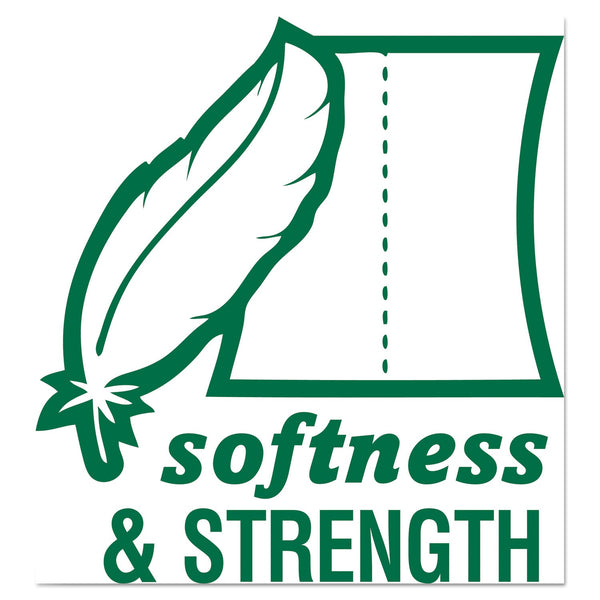 SoftTouch Tissue Shop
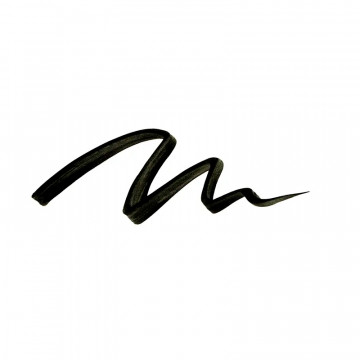 conception-d-eye-liner-liquide-eyeliner-liquide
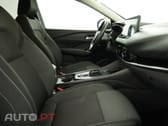 Nissan Qashqai Qashqai 1.5 e-Power N-Connecta
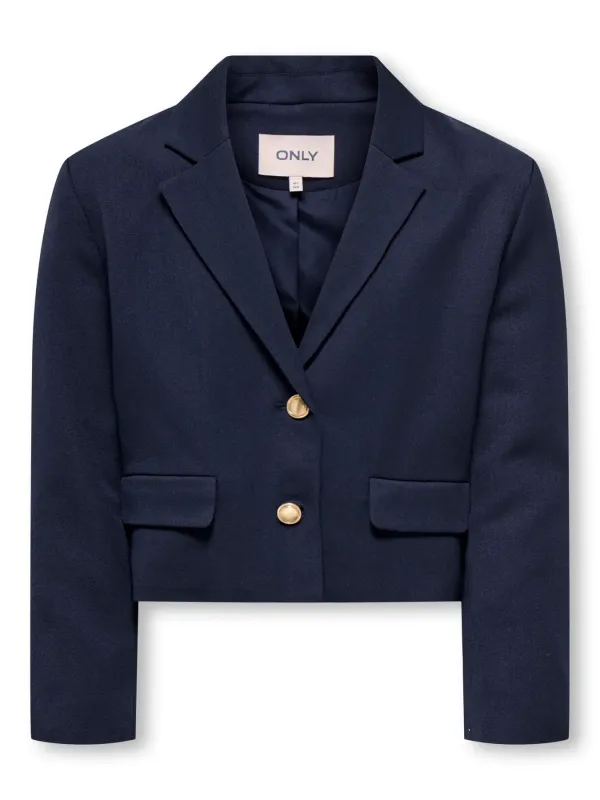 KOGZALLY_LIFE_SHORT_BLAZER_TLR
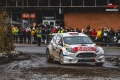 Pertlek - Rallyservice.cz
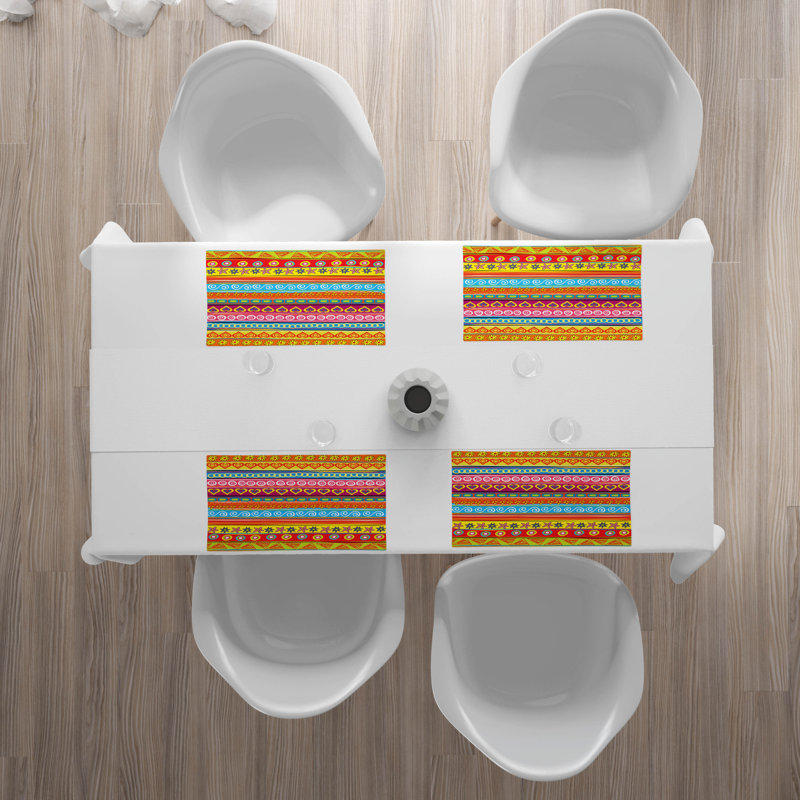 Récapitulatif 18,5" coloré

_PROMPT_:
Exactly those lines that run from the line holding "conception-d-eye-liner-liquide-eyeliner-liquide" to the end of the listing above, both included, are to be reproduced, with pictures left out.

_RESULT BELOW_:
 conception-d-eye-liner-liquide-eyeliner-liquide
 Nissan Qashqai Qashqai 1.5 e-Power N-Connecta
 KOGZALLY_LIFE_SHORT_BLAZER_TLR
 Pertlek - Rallyservice.cz
 Récapitulatif 18,5" coloré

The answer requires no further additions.